**YOUR ASSIGNMENT**
Return only the stretch of the material below that begins with the line containing "Used VW Passat" and ends with the line containing "Smocked Corset Romper thumbnail 1", exactly; both of those lines belong to it.

DATA RECORDS: Begin

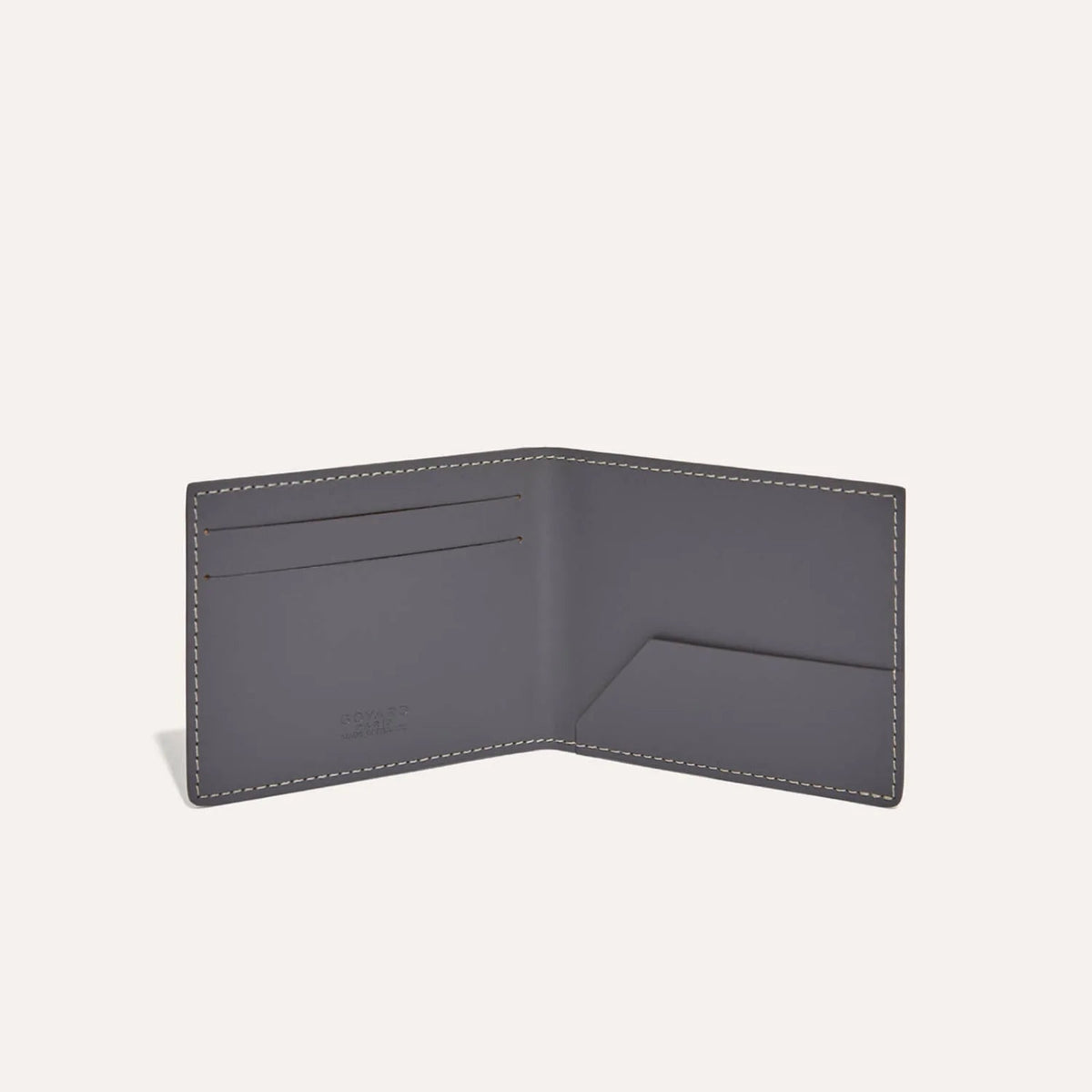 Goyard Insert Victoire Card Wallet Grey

DATA RECORDS: End
DATA RECORDS: Begin

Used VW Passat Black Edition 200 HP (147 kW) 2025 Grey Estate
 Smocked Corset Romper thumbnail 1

DATA RECORDS: End
DATA RECORDS: Begin

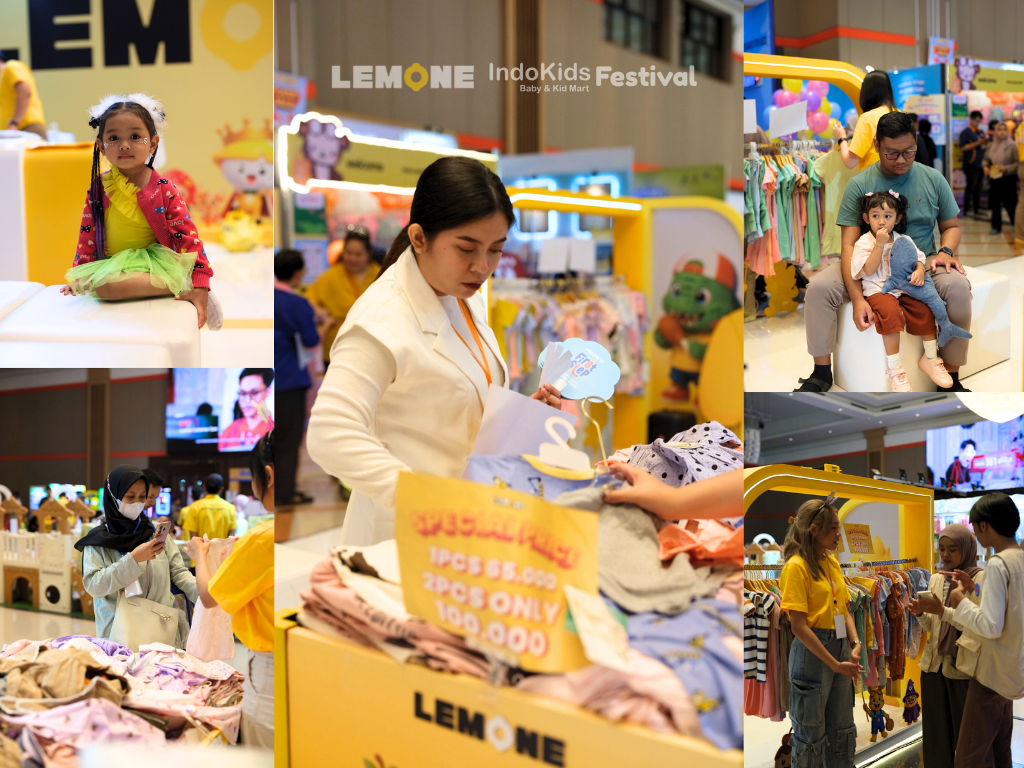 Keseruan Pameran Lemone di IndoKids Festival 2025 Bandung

DATA RECORDS: End

**ANSWER SPACE**
Used VW Passat Black Edition 200 HP (147 kW) 2025 Grey Estate
 Smocked Corset Romper thumbnail 1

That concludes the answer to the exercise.